▶ How to complete this task
Only the lines of the listing below that run from the line with "#thisnow https://t.co/l3YqXsh29V" through the line with "Photo 1 of Truform" are to be set down, word for word. Pictures stay out.

▶ Listed entries
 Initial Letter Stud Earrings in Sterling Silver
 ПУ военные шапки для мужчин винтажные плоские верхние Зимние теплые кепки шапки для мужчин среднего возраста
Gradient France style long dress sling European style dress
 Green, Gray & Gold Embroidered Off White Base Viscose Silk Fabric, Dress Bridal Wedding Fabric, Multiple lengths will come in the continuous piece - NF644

--

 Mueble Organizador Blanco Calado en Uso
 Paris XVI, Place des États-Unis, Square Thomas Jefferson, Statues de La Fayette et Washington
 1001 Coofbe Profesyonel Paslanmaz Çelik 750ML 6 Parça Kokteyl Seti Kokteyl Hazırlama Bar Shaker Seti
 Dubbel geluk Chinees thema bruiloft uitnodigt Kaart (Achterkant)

==

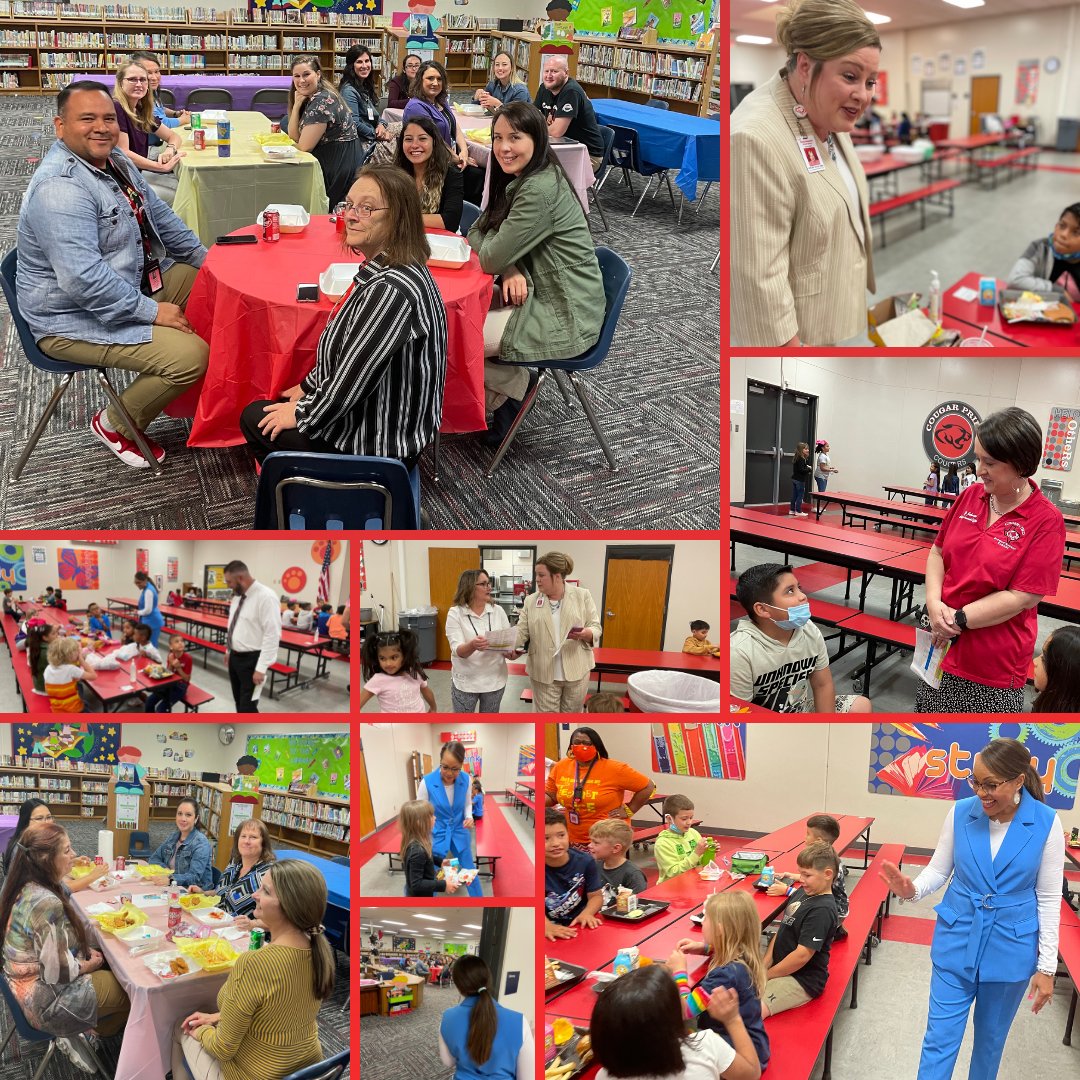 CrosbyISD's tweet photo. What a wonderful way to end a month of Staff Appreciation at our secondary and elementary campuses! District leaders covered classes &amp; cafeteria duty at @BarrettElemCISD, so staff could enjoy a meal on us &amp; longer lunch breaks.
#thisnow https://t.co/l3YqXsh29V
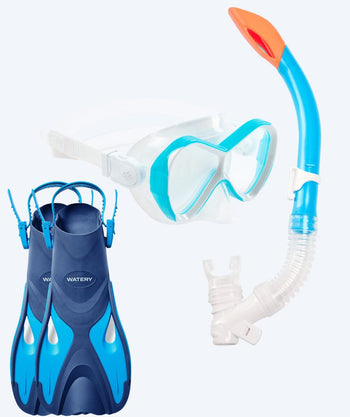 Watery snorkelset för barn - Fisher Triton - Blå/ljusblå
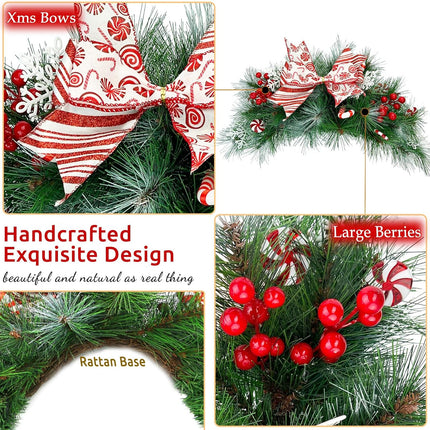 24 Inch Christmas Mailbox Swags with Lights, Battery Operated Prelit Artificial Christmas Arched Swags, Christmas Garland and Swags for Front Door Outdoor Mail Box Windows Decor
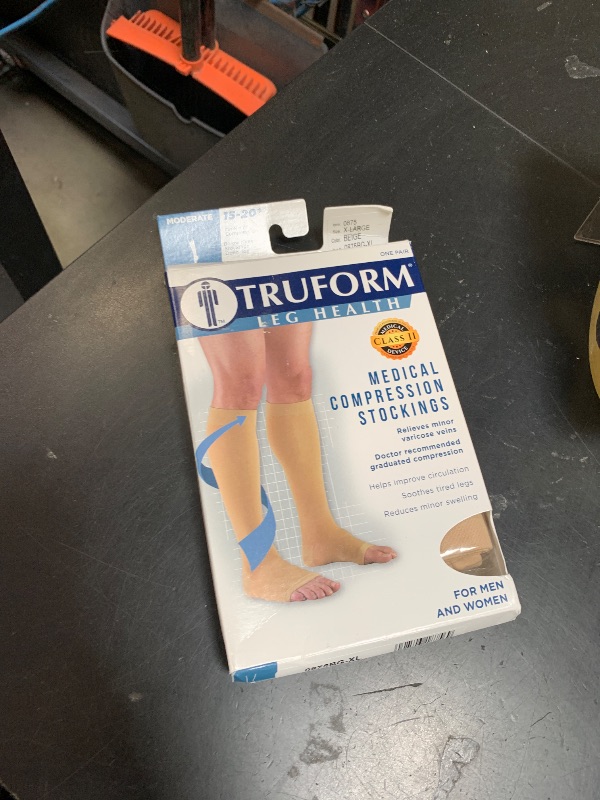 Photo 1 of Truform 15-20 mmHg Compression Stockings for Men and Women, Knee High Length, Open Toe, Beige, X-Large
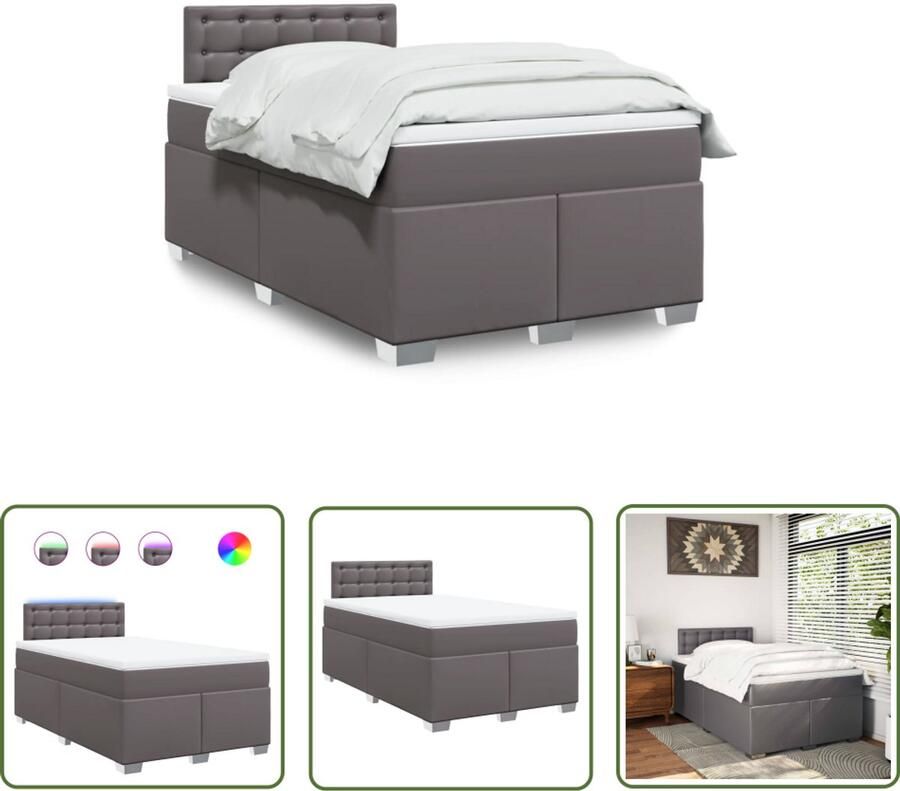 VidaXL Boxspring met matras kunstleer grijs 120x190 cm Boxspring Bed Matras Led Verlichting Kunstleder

▶ Result for this exercise
#thisnow https://t.co/l3YqXsh29V
 Watery snorkelset för barn - Fisher Triton - Blå/ljusblå
 24 Inch Christmas Mailbox Swags with Lights, Battery Operated Prelit Artificial Christmas Arched Swags, Christmas Garland and Swags for Front Door Outdoor Mail Box Windows Decor
 Photo 1 of Truform 15-20 mmHg Compression Stockings for Men and Women, Knee High Length, Open Toe, Beige, X-Large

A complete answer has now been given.